Spatial localization data:
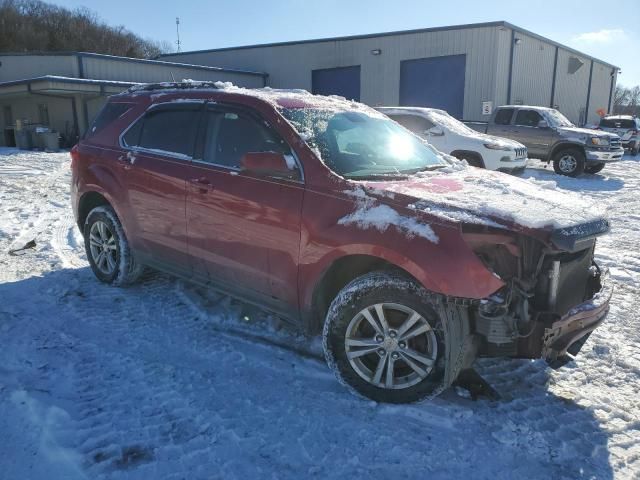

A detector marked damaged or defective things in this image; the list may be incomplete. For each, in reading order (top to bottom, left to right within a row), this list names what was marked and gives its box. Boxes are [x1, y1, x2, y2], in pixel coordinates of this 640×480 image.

crumpled bumper cover [544, 268, 612, 366]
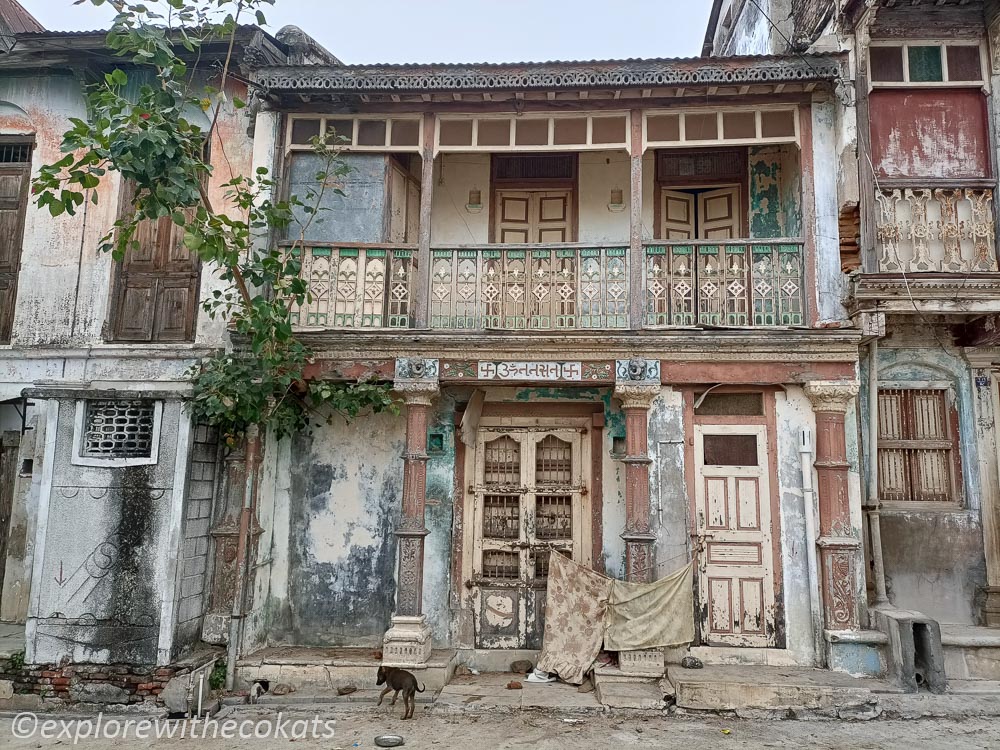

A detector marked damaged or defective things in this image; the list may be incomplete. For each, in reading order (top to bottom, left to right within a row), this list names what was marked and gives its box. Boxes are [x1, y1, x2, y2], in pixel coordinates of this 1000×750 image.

rusted metal sheet [868, 89, 992, 180]
peeling paint wall [864, 344, 988, 624]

WORK REQUIRED: Repeat every record above exactly. Omit the pictures.

ANSWER TO THIS TASK:
A detector marked damaged or defective things in this image; the list may be incomplete. For each, in reading order (top to bottom, left to right within a row), this list names what was marked and gives its box. Boxes are [x1, y1, x2, y2], in pixel coordinates of this 640×480 image.

crumpled bumper cover [544, 268, 612, 366]

A detector marked damaged or defective things in this image; the list may be incomplete. For each, in reading order (top to bottom, left to right within a row), this list names what was marked and gives its box. Boxes are [x1, y1, x2, y2], in pixel coordinates of this 1000×750 image.

rusted metal sheet [868, 89, 992, 180]
peeling paint wall [864, 344, 988, 624]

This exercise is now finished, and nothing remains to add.